Background

Influenza is an acute viral disease caused by an influenza virus infection. Typical influenza often presents with acute high fever, upper respiratory tract symptoms, such as cough and runny nose, and muscle pain. Complications include pneumonia and influenza encephalopathy, which may lead to death. The World Health Organization recommends annual influenza vaccination for all people aged ≥ 6 months, especially for those at a higher risk of contracting this disease [1]. According to the United States Centers for Disease Control and Prevention, vaccine effectiveness (VE) for all age groups was 39% in the 2019–2020 season.
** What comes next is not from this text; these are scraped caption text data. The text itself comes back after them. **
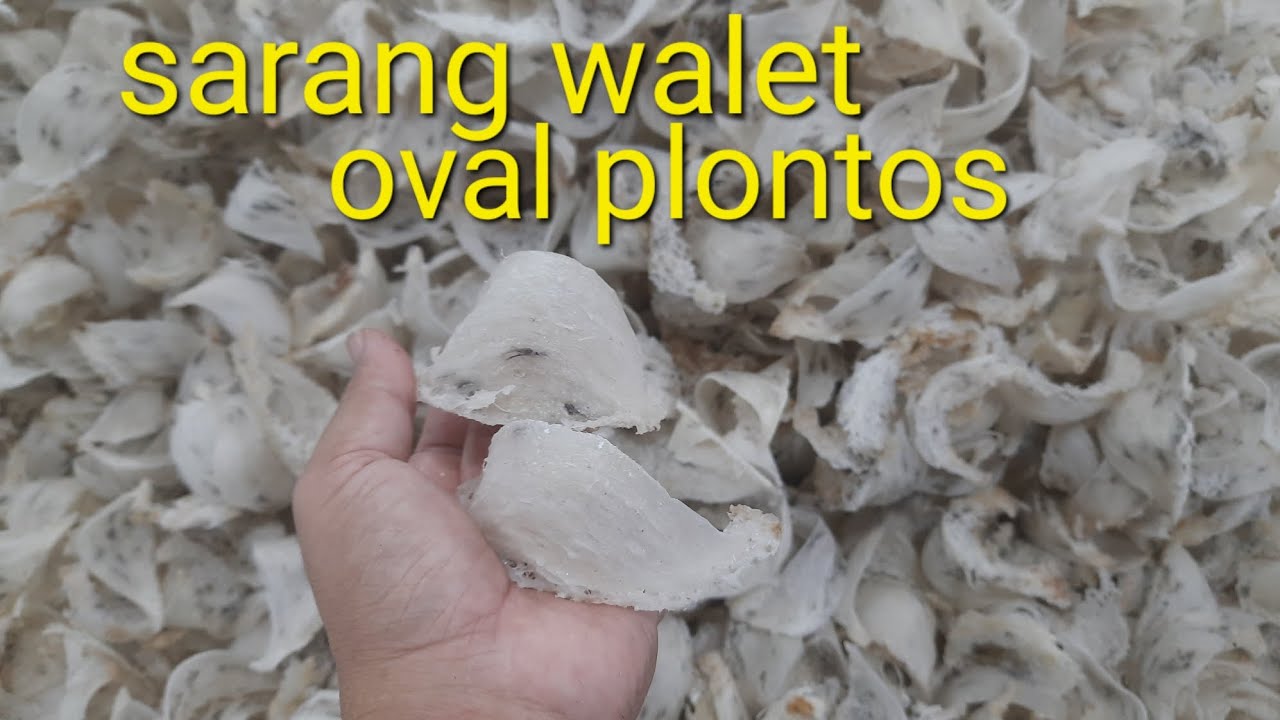 Sarang burung walet oval plontosan dari kalimantan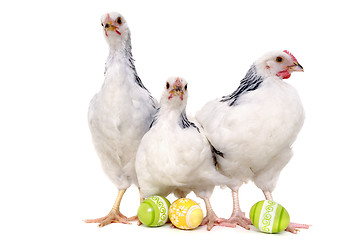 Image showing Chickens and easter eggs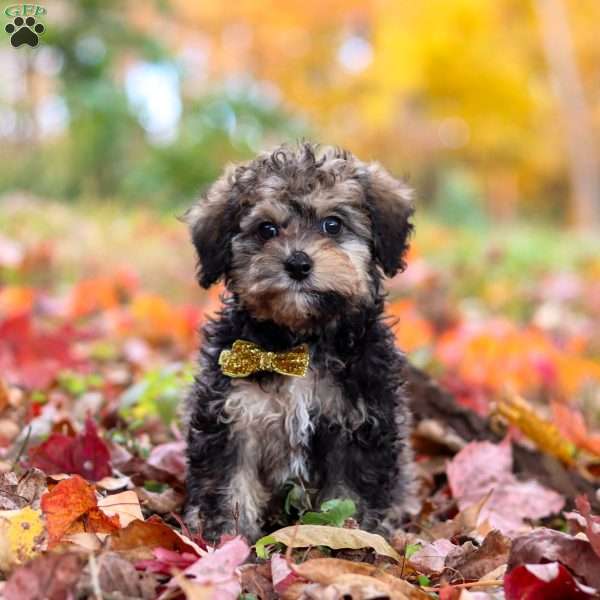 Oliver, Toy Poodle Puppy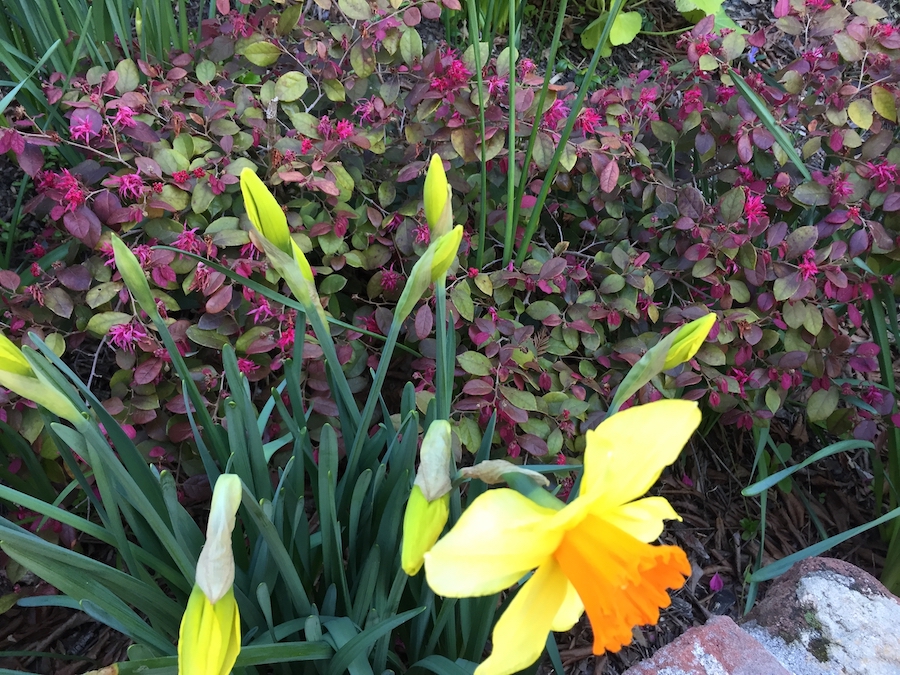 daffodils & chinese fringe.jpg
In the last decade, the effectiveness was approximately 30–50% in most years but was particularly low (19%) in the 2014–2015 season [2].
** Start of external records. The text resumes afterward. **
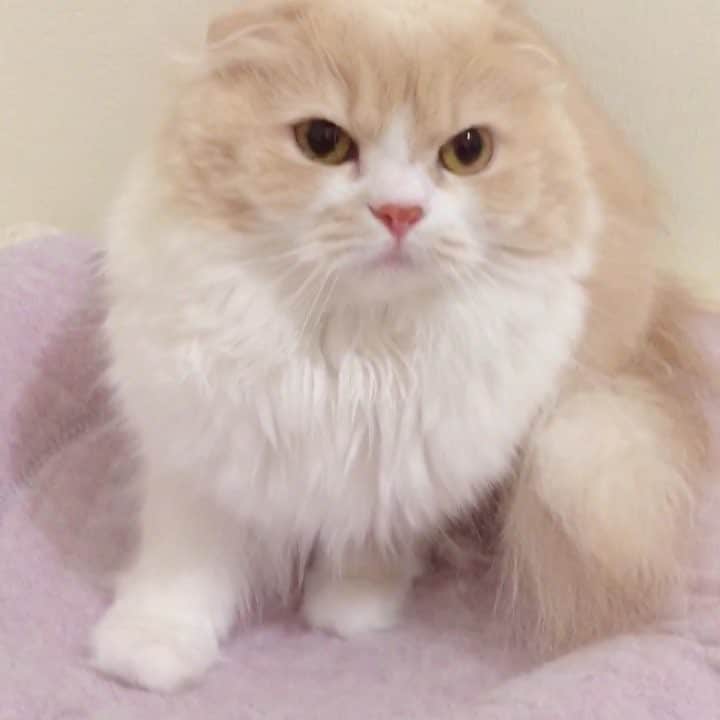 のんたのインスタグラム：「▷ Every time I get my hair cut at the hairdresser, Bo-chan forgets my face. she can’t figure out who is front of her and she gets very confused and angry. “Hey, Who are you??? bring me my mommy back now!!” ▷ 以前にも投稿しましたが、ぼーちゃんは私が髪型を変えると私が誰だかわからなくなり、怖がって逃げたりしてパニックになります。 「あたちのマミーはどこなのよ！！」って怒ってます😭抱っこも触ることもできません。 1日たってやっと認識してくれましたが、美容院に行った日だけはパパっ子になるのでパパは嬉しそうです。」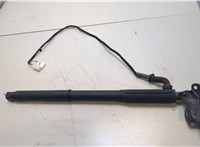 51247332696 Амортизатор крышки багажника BMW X5 E70 2007-2013 20354658 #3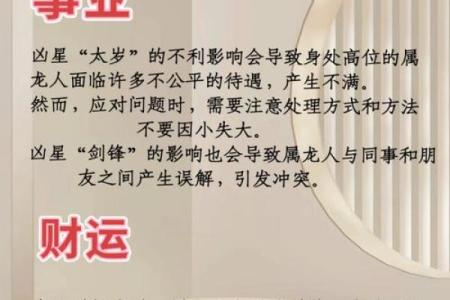 本命年属龙如何规划财务与未来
The influenza vaccine used in Japan is a quadrivalent inactivated influenza vaccine (trivalent vaccine until 2014), which is a split vaccine based on hemagglutinin (HA) [3]. Split vaccines are highly safe; however, their signals have difficulty transmitting through the innate immune system because they are based on HA protein and thus may not be effective in children with no history of influenza infection [4].
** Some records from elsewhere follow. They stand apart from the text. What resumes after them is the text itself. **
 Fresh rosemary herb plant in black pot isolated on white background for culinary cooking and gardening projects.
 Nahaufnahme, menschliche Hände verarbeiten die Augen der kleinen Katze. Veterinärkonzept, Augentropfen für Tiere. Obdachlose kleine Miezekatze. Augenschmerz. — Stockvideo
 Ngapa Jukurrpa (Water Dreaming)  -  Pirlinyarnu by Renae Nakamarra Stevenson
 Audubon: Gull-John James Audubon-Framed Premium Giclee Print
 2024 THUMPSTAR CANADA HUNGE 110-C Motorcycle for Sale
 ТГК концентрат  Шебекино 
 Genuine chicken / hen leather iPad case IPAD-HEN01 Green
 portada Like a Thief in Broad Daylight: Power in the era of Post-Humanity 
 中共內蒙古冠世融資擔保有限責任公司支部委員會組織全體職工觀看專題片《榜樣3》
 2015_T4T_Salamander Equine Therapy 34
The Japanese influenza vaccine is made following the World Health Organization recommendations for strains that are announced annually. In Japan, the influenza vaccine strain for each season is standardized among manufacturers, and two influenza vaccine doses are recommended per season for children aged < 12 years (mostly elementary school students) and one dose for everyone else (middle school and older). In general, young children with little or no history of infection are prone to influenza, and infections may spread from the school-going children to the rest of society. An extended observation period allows us to assess trends that are difficult to analyze with data from only a few influenza seasons. In the last decade, we conducted questionnaire surveys of influenza vaccination among children, students, teachers, and staff at schools in a district to understand influenza immunization rates (IRs), infection conditions, and VE in schools that can be sources of infection. This article summarizes some of the interesting findings that we have observed over the past 10 years.

Methods

The participants were students and staff from 38 elementary schools and 23 middle schools in an area covered by the Akichiku Medical Association. The survey was conducted over 10 seasons of influenza from 2010–2011 to 2019–2020. The number of participants surveyed per season included a minimum of 9047 (2015–2016 season) to a maximum of 12,002 (2011–2012 season) elementary school students, a minimum of 4034 (2015–2016 season) to a maximum of 5491 (2016–2017 season) middle school students, and a minimum of 1034 (2015–2016 season) to a maximum of 1392 (2016–2017 season) faculty and staff.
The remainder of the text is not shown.